The Daily Telegraph, a center-right broadsheet, also highlighted concerns about the SNP.

Meanwhile the Times (of London), another Murdoch-owned newspaper, albeit one with a far more mature reputation, carried a front page headline critical of Miliband.

Not every paper was critical of the Labor leader. The Daily Mirror, a left-wing rival to the Sun, unleashed its own attack on David Cameron, the Conservative Party leader and incumbent prime minister.

The Guardian also published a criticism of proposed welfare cuts.

The Independent and its free sister publication, i, didn't make any bold political statements on their front pages, though the Independent has already endorsed the Conservative-Liberal Democrat coalition government (to the surprise of some of its own journalists, apparently).

And the right-wing tabloid, the Daily Express, published a front page endorsement for the populist anti-Europe United Kingdom Independence Party (UKIP), written by ... the leader of the UKIP.

Overall with at least seven major British newspapers endorsing the Conservatives or a Conservative-led coalition, the British press does appear to be leaning right.

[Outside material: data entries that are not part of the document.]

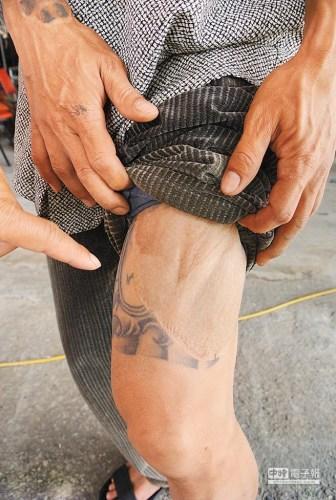 台湾男子烧伤脸 为救命将大腿刺青移植脸上(图)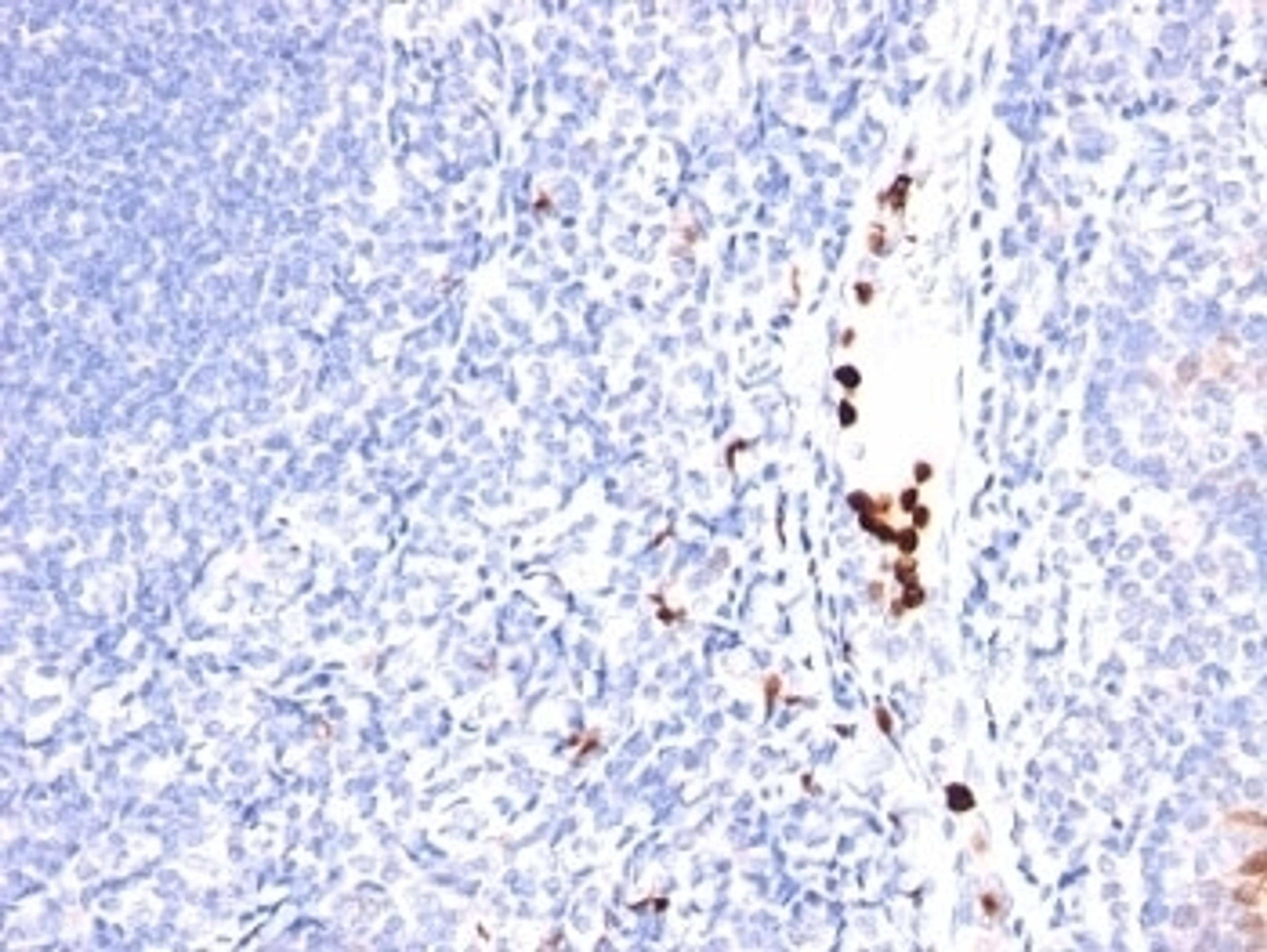 Formalin-fixed, paraffin-embedded human tonsil stained with GCSF antibody (SPM468).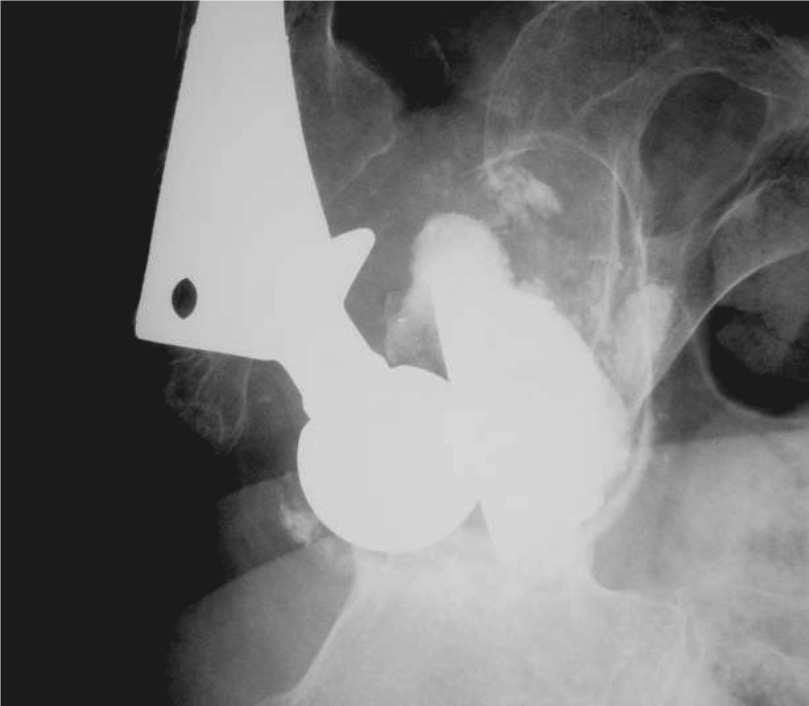 232 Acompanhamento a médio prazo da reconstrução acetabular com enxerto ósseo liofilizado bovino e dispositivo de reforço Figura 2 Radiografia anteroposterior do afrouxamento acetabular, deficiência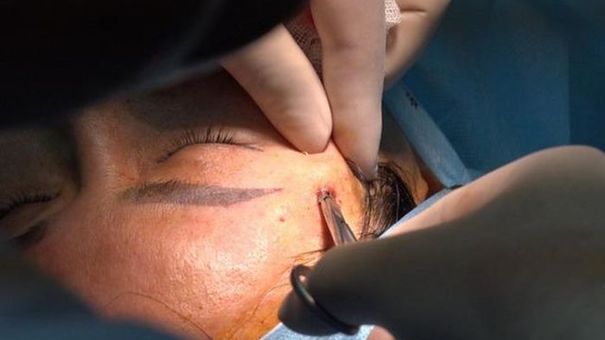 Nguy cơ đột quỵ, mù mắt sau tiêm filler làm đẹp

It seems possible, too, that the pro-Conservatives voices are louder. One study from the Media Standards Trust found that 95 percent of all leader columns in the Sun were explicitly anti-Labor before the election, and some say the lines between opinion and reporting in the newspapers have been blurred. In an interview published Wednesday with Politics Europe, David Alexrod, the American campaign expert now working with Miliband, suggested that Britain's right-wing press was more powerful than Fox News.

Regardless, the vitriol on display from both sides has made some uncomfortable about the state of the British press and the politics it portrays.